- Exercise aim -
Print each line from the start of the records below up through the line where "Northern Pacific Tacoma Division 1966" is found, exactly as given.

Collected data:
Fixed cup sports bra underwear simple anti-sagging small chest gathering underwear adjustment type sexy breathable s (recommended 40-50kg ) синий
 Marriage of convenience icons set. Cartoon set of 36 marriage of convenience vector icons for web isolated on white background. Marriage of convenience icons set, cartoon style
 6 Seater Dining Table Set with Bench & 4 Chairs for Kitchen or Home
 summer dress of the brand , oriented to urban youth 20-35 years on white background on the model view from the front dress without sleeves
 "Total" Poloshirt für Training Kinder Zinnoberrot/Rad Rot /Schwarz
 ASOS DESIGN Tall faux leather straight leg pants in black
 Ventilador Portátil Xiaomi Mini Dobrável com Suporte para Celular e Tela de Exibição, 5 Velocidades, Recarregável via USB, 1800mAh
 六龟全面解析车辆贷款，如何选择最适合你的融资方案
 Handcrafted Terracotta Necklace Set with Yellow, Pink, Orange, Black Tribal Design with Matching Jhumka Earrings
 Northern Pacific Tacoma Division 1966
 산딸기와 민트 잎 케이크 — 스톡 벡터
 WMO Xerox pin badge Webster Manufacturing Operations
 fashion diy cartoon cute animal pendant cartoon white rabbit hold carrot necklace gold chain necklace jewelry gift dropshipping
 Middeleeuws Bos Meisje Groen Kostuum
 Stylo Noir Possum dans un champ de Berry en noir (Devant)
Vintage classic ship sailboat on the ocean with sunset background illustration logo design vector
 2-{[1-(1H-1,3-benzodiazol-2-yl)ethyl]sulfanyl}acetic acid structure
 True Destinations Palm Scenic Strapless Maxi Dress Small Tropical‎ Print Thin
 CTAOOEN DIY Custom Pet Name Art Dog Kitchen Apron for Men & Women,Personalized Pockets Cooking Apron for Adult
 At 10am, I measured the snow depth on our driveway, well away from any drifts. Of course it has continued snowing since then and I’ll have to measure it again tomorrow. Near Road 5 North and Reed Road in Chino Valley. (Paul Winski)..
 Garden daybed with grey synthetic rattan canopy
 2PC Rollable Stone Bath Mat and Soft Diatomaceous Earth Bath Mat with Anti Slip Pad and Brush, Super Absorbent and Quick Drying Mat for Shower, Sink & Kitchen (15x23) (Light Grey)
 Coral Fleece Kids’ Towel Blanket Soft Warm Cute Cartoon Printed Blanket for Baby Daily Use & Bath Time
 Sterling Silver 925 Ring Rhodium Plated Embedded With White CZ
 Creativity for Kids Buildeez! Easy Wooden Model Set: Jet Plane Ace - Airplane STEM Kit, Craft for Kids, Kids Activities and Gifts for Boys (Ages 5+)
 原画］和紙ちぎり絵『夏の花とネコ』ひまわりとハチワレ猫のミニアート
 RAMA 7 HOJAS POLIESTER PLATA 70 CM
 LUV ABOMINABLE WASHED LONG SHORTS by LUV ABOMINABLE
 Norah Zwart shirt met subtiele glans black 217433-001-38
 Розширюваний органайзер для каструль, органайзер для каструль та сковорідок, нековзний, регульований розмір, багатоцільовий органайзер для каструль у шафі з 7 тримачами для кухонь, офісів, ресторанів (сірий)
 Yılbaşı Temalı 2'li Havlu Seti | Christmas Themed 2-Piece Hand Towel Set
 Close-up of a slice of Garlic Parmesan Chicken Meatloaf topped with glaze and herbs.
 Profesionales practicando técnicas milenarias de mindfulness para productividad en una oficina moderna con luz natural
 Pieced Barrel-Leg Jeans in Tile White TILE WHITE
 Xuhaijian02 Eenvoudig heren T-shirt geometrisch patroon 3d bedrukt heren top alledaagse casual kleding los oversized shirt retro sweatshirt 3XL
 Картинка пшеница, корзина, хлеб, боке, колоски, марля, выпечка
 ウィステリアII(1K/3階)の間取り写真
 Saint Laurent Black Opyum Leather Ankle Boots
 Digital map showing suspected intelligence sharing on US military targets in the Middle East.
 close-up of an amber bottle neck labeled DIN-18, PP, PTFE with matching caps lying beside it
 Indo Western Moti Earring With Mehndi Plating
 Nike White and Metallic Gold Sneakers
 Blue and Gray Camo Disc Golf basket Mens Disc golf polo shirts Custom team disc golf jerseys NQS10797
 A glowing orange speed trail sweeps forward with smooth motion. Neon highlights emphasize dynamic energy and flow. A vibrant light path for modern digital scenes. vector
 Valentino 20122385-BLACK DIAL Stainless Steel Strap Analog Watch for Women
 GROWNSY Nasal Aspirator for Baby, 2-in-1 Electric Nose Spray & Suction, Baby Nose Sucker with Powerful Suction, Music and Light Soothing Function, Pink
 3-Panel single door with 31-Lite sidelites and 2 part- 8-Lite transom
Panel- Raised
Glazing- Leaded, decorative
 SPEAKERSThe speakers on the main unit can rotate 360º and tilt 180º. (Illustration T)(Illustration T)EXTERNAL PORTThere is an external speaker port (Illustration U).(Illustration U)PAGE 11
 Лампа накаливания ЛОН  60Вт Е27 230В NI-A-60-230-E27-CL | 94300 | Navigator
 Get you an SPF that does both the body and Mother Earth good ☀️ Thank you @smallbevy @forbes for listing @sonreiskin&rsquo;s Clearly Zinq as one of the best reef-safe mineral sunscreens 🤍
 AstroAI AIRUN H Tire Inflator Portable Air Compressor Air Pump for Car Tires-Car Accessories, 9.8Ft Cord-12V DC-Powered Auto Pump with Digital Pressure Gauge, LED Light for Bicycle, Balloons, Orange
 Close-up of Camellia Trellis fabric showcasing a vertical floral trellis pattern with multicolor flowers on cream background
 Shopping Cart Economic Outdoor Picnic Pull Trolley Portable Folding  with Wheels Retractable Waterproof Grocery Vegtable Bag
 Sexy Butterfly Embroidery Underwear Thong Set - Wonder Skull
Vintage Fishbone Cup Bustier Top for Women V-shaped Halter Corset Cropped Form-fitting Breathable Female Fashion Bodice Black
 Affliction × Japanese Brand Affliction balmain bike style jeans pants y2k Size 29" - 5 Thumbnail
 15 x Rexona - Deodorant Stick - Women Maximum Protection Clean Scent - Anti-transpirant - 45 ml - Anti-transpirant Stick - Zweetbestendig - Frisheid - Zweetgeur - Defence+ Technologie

- The completed task -
Fixed cup sports bra underwear simple anti-sagging small chest gathering underwear adjustment type sexy breathable s (recommended 40-50kg ) синий
 Marriage of convenience icons set. Cartoon set of 36 marriage of convenience vector icons for web isolated on white background. Marriage of convenience icons set, cartoon style
 6 Seater Dining Table Set with Bench & 4 Chairs for Kitchen or Home
 summer dress of the brand , oriented to urban youth 20-35 years on white background on the model view from the front dress without sleeves
 "Total" Poloshirt für Training Kinder Zinnoberrot/Rad Rot /Schwarz
 ASOS DESIGN Tall faux leather straight leg pants in black
 Ventilador Portátil Xiaomi Mini Dobrável com Suporte para Celular e Tela de Exibição, 5 Velocidades, Recarregável via USB, 1800mAh
 六龟全面解析车辆贷款，如何选择最适合你的融资方案
 Handcrafted Terracotta Necklace Set with Yellow, Pink, Orange, Black Tribal Design with Matching Jhumka Earrings
 Northern Pacific Tacoma Division 1966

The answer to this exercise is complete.